Hi James,
In short, no. I eventually dumped GlusterFS. Its a fantastic idea but for me the performance was shockingly bad and the client side caching was seriously inadequate.
In their defence however, GlusterFS can be mounted on multiple hosts and under such a scenario, extensive caching would be very bad. It just so happened that in my scenario I actually wanted to use extremely heavy caching and while gluster had the translators to do this sort of thing, they were seriously limited.
If I had the time and skills I would have written/upgraded the translators to accommodate what I needed since I think the concept of the product is awesome.
I did manage to get the level of cache that i needed by re-exporting GlusterFS with NFS and then setting actimeo=<high number> when the NFS share was mounted.

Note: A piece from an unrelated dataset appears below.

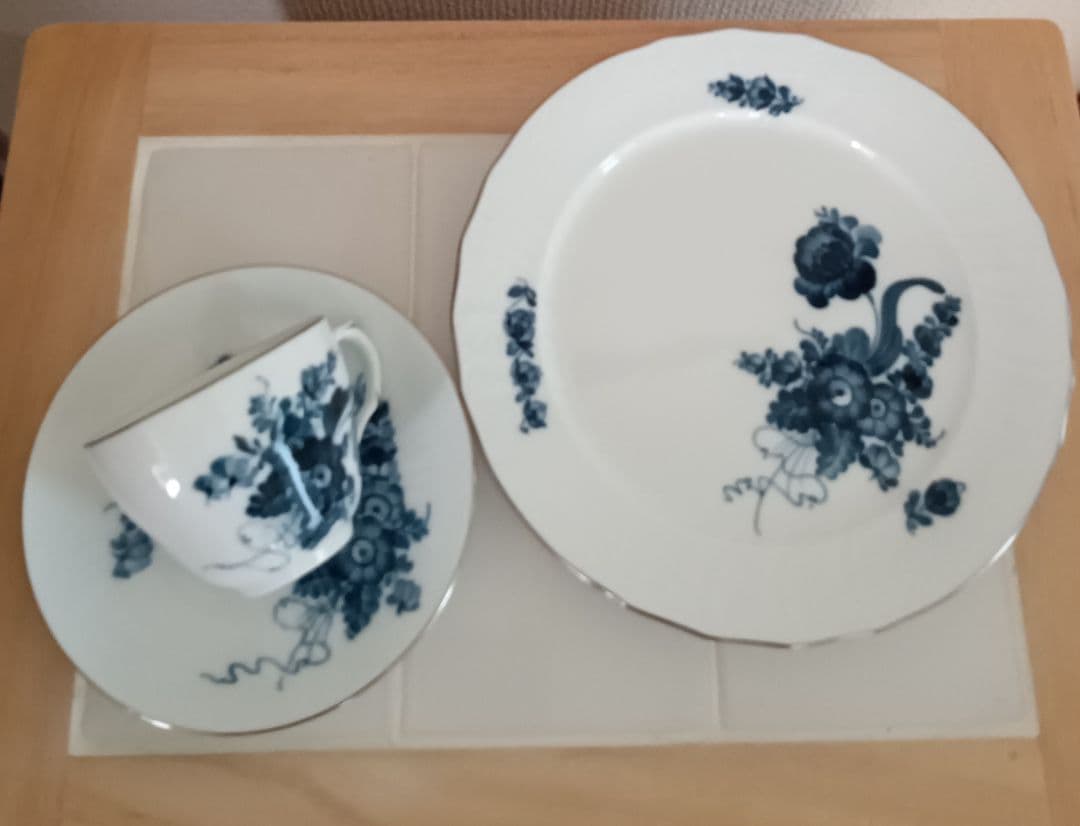 ブルーフラワーヘリテイジ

This did what I needed but issues relating to 'Stale NFS Handle', which are apparently an issue relating to the use of the FUSE library, made it completely useless. (you would basically end up in a situation where random files are inaccessible for random periods)
I tried avoiding using the FUSE library by using the patched unfs+booster supplied by the glusterfs team. This overcame the 'Stale NFS Handle' issues but for some reason, all caching stopped working on the NFS client when mounting a share exported with unfs. After lots and lots of reading I found something that suggested there was an issue with inode numbers being passed from a userspace nfs daemon properly and unfs uses some form of compressed path string instead, which apparently breaks the client side cache.

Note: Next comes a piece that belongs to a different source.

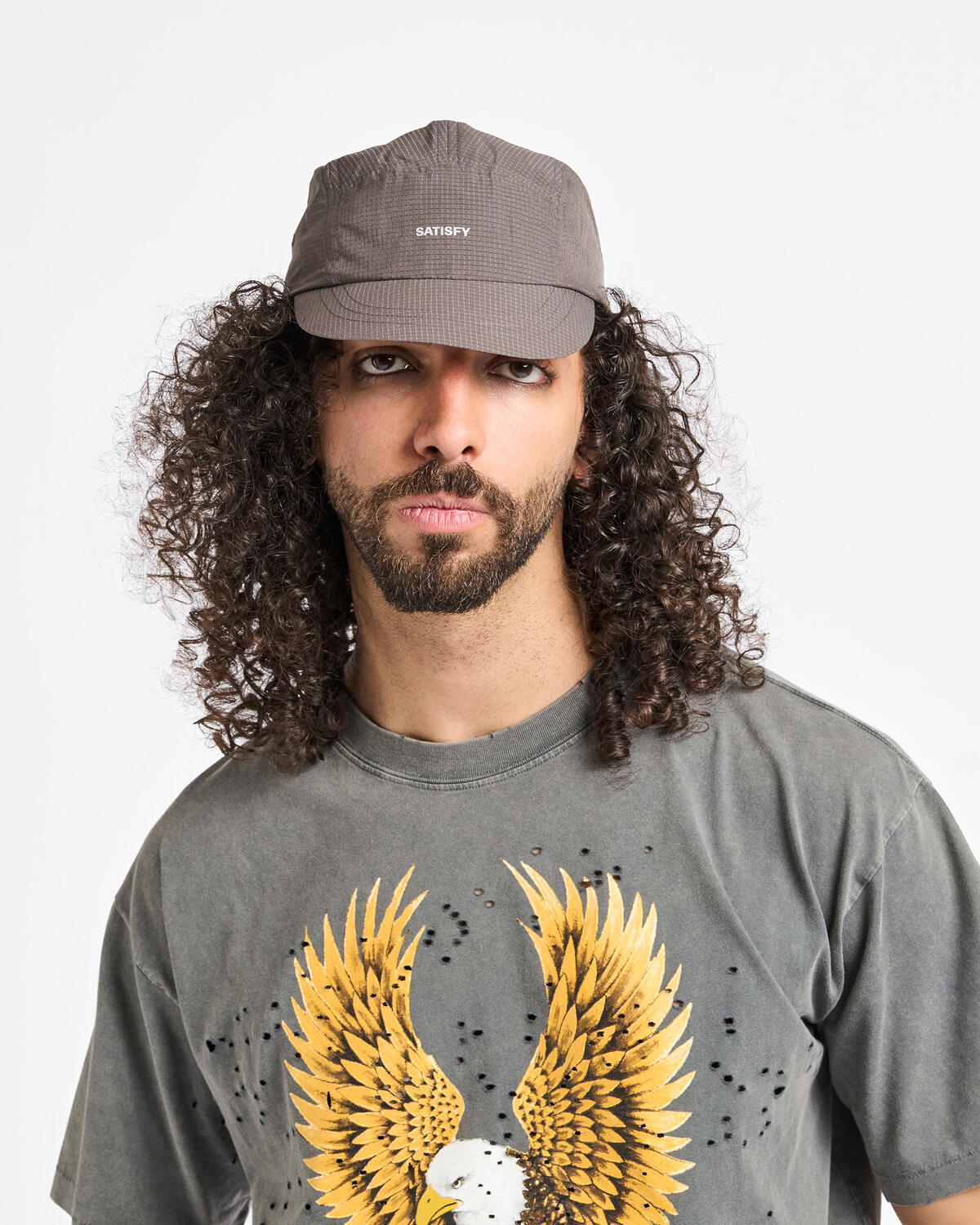 SATISFY Rippy Air Trail Cap | 31013-91001 | AFEW STORE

At this point I gave up and went back to the drawing board.
I have implemented a solution that is performing pretty well. To some people (me at least) it would also be considered a surprisingly simple solution.
What my requirements were is this:
- Safe Storage (IE. 2 separate copies of data on 2 physically separate servers. mirroring across 2 disks in the same server was not good enough)
- One file system to span many disks.. with the ability to add disks as required to expand available space, and also retire them without losing data.
- Provide sufficient caching to accommodate my heavy file system scanning
My solution was (i think) incredibly simple. Here is what I did.
I started with two servers, each with a large matching sized hard disk partition to be used for storing data.
I used AoE (Atapi over Ethernet maybe? cant remember the exact term) to export the physical disk from each server.
I then enabled AoE on a third box which I call the master box. (basically, where the filesystem is to be mounted) By doing this, and allowing AoE to scan the network, the two exported hard disks from other servers appeared as local devices.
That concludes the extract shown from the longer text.